In tandem with open access there has to be a mechanism for recognising creative effort, otherwise no-one will put their work online. 'Stolen Grammars' did not link to existing open access resources, but copied them without proper attribution. What kind of researcher wants data that is not properly attributed? If you want to cite an electronic grammar in a paper, then you want to cite its proper URL - citing 'Stolen Grammars' is not going to impress the average publisher.

David Nash and I both wrote to 'Stolen Grammars' and asked that our work, which was already in open access repositories, be linked to rather than copied. I was also concerned that the site had appropriated PARADISEC material from the Arthur Capell papers which we had painstakingly spent some effort to image (14,000 photos) and enter metadata for. While 'Stolen Grammars' had signed an access form stating that they would not further distribute this material, they did so, and did not link to or acknowledge the work of PARADISEC.
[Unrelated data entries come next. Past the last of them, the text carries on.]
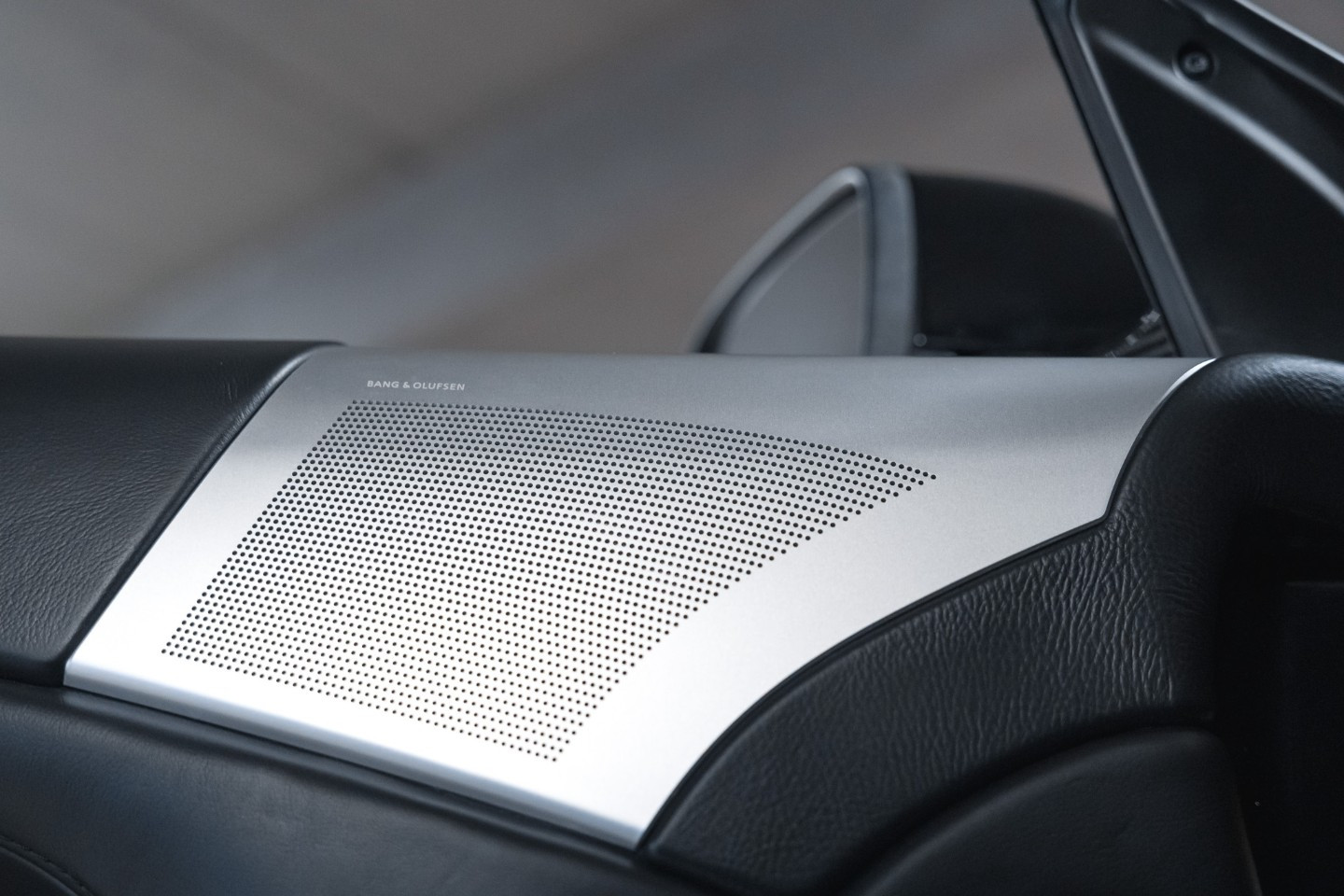 
                                                Voiture
                                                 Aston Martin DBS Volante V12 5.9 517 Touchtronic 2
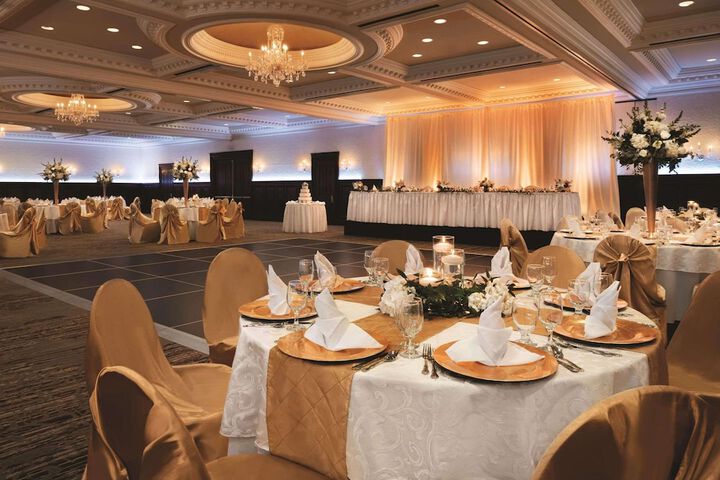 Radisson Hotel Cincinnati Riverfront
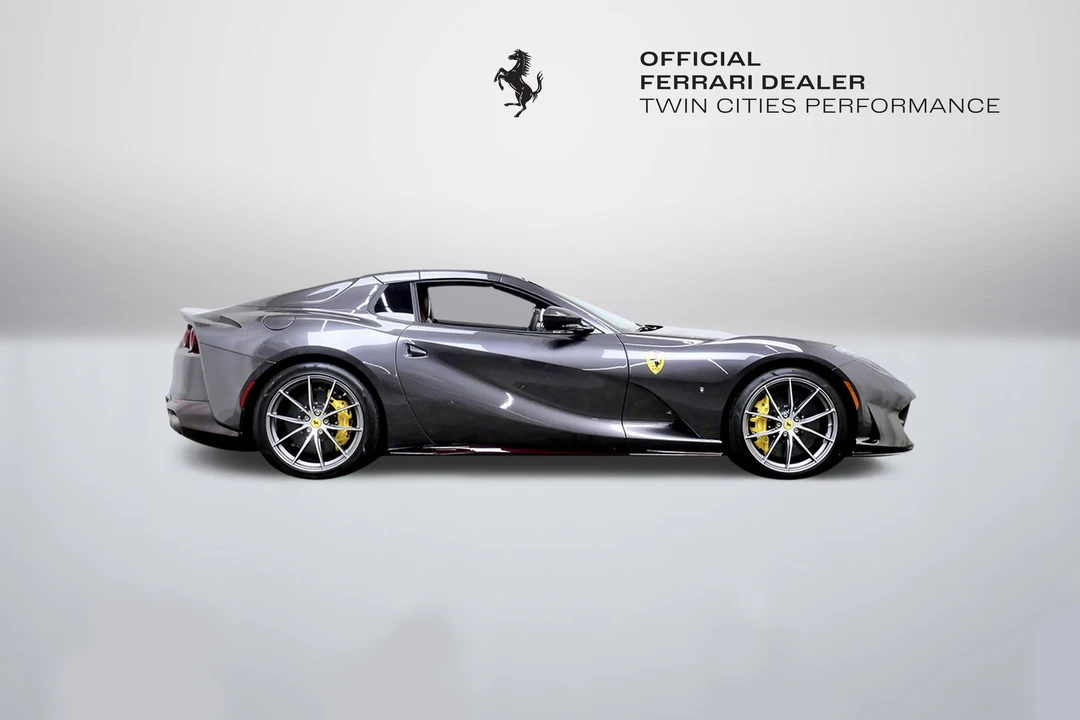 2022 Ferrari 812 GTS - Image 7 of 31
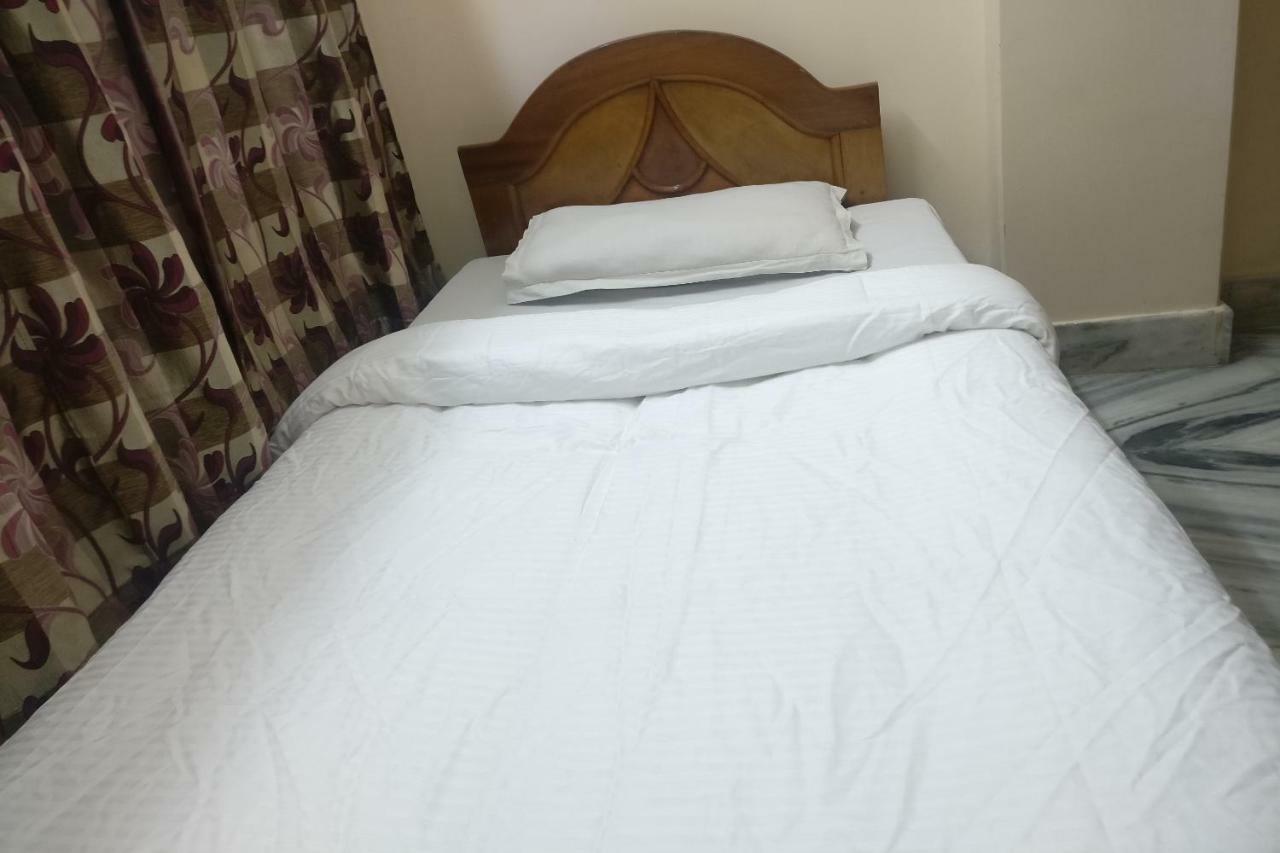 Spot On 37646 Hotel Centre Palace Silchar Bagian luar foto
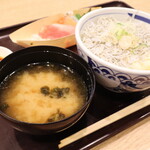 築地食堂 源ちゃん - しらす丼とお刺身セット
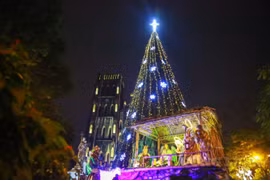 Hà Nội: Các nhà thờ lớn tại Hà Nội trang hoàng lộng lẫy đón Noel 2020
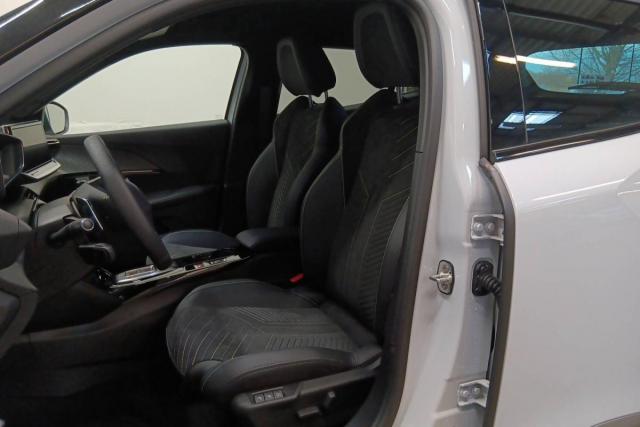 Peugeot 2008 image 3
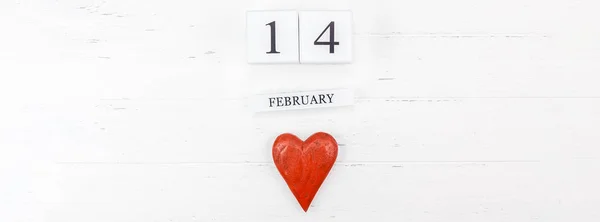 創造的なバレンタインの日ロマンチックな構成フラット レイアウト平面図愛の休日お祝い赤いハート カレンダー日付白い木製の背景コピー スペース テンプレート グリーティング カード本文デザイン ソーシャル メディアのブログ — ストック写真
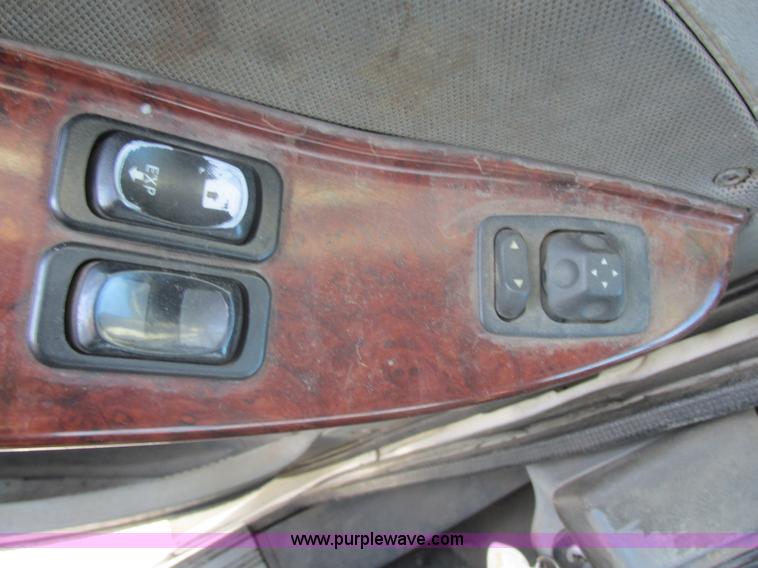 image for item E5249 2000 Freightliner Century Class semi truck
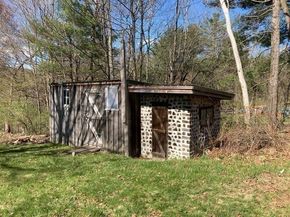 53 East Street, Petersham MA 01366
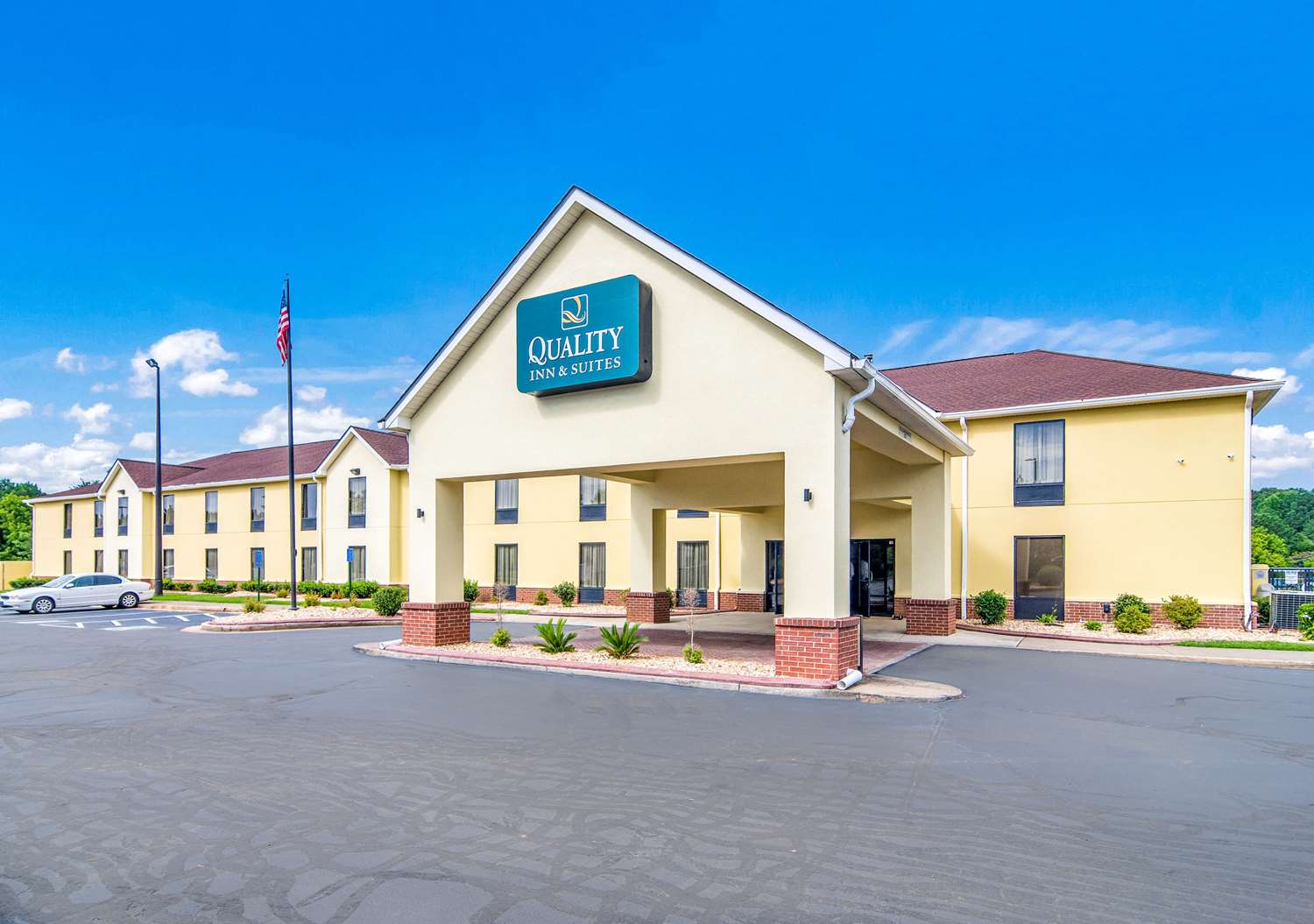 Quality Inn and Suites Canton, GA 23/25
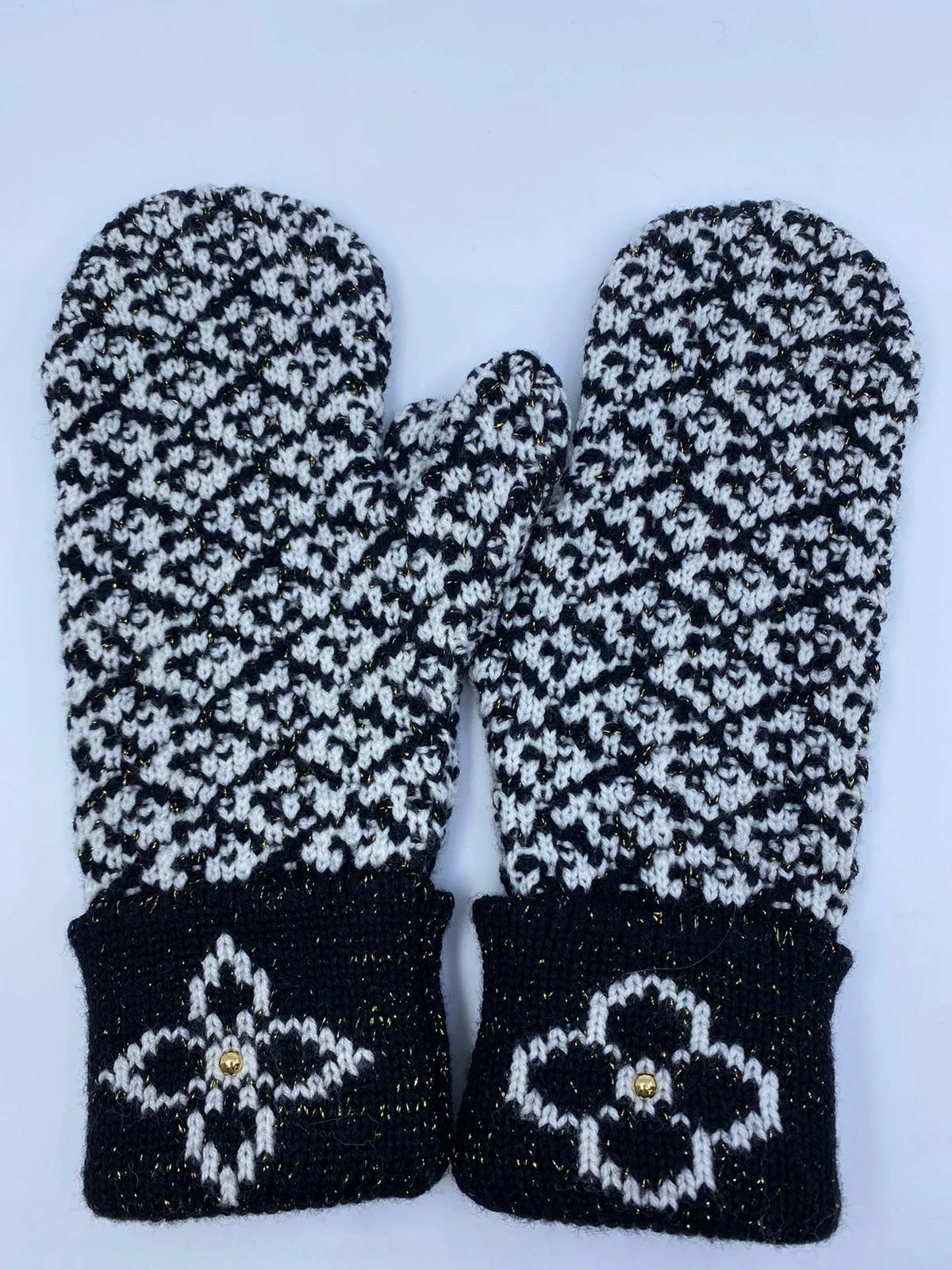 Miss LV Mittens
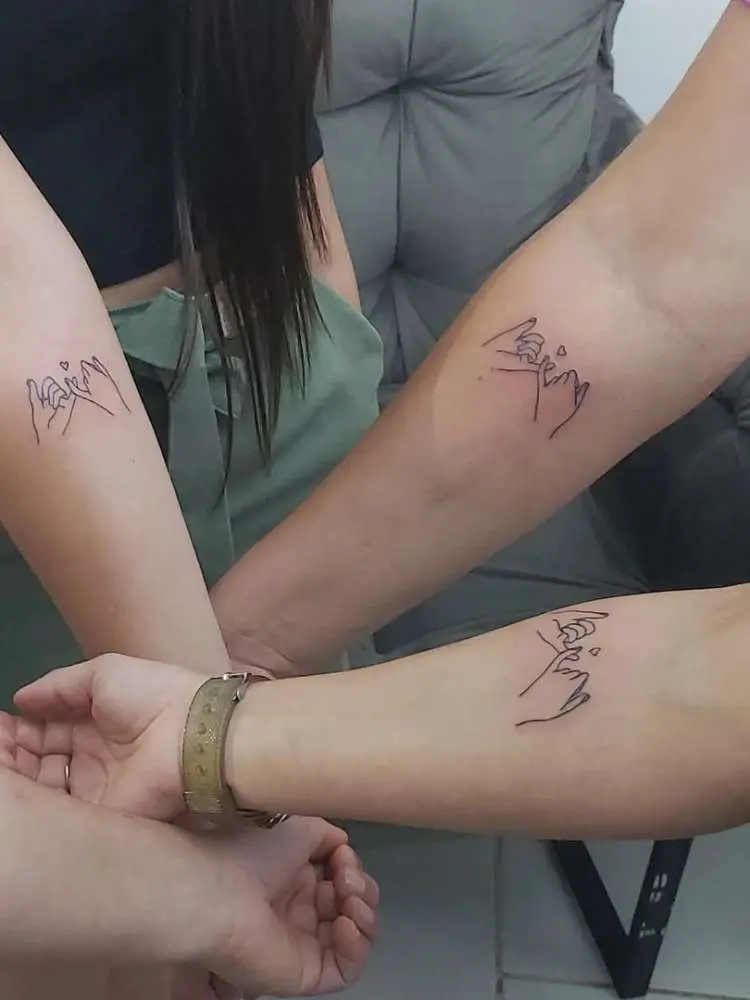 Opção de tatuagem de amigas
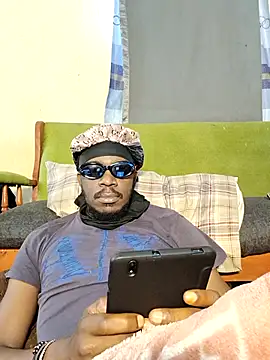 Snapshot of BIGDICKMULLAH chatting on 05-03-26, 12:22 BIGDICKMULLAH online show from 05-03-26, 12:22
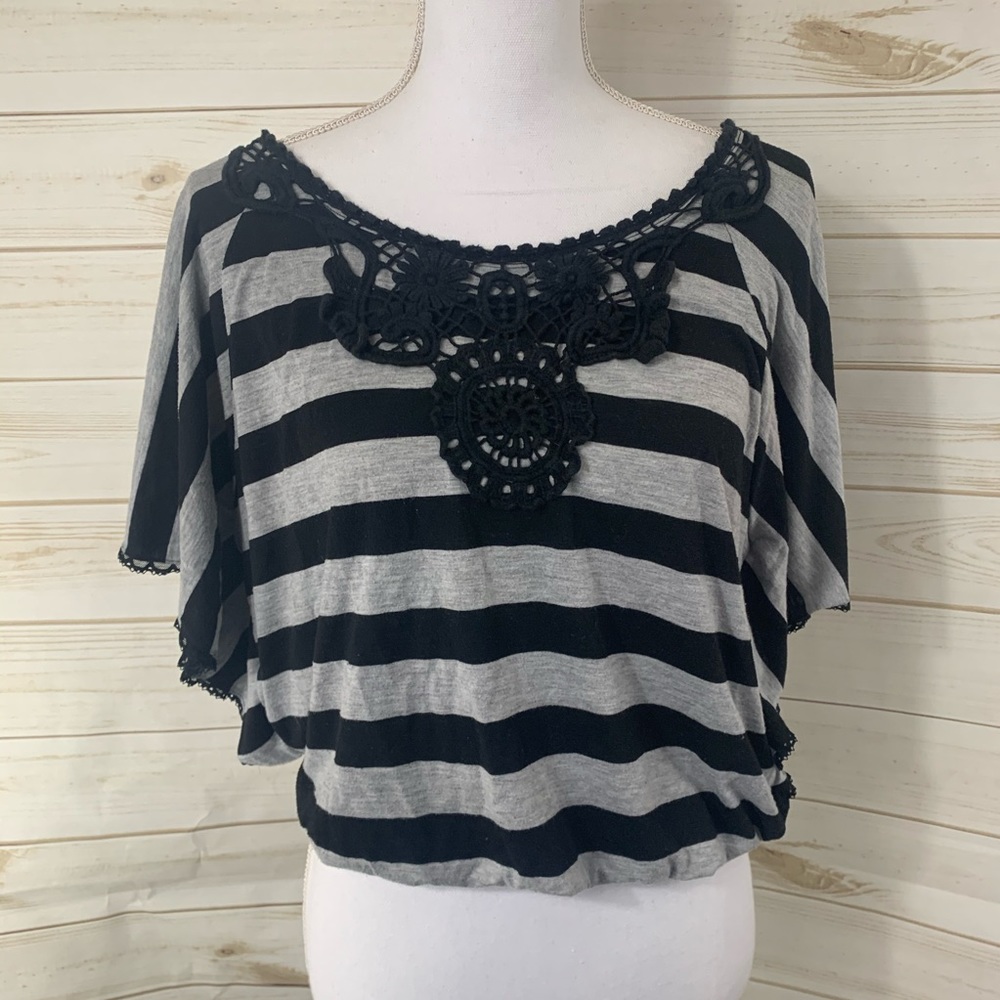 Almost Famous Black Striped Flutter Sleeve top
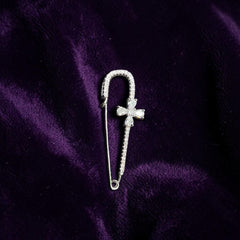 SILVER BROOCH- CERTIFIED BIS HALLMARK 925 SILVER BROOCH CEPTIPIN FOR SAREE 1 PIECE STUDDED WITH AMERICAN DIAMOND- (SOLD ON MRP) NON EXCHANGEABLE ITEM.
Linguistic archives rely on the good faith of those signing agreements about how they will use data from the archive. Depositors have a right to trust that the material they deposit will not be misused.

We encourage the use of open access repositories that provide proper infrastructure so that the collection is well described using standard descriptors (like standard language names) and will be available into the future (with persistent identification of the items in the collection). I also suggested to 'Stolen Grammars' that they could become an OLAC repository of links to exactly the same information that they had copied, but using a set of metadata and links that would make their repository add value to research efforts.

Anyway, on receipt of our unthreatening request to link to our work rather than appropriating it, 'Stolen Grammars' picked up their bat and went home (to use an Australian colloquial expression), closing down access to all items on their site, not just the ones we had queried, and putting the note on their sites that has since caused us to receive a message likening us to the Sheriff of Nottingham to 'Stolen Grammar' 's Robin Hood.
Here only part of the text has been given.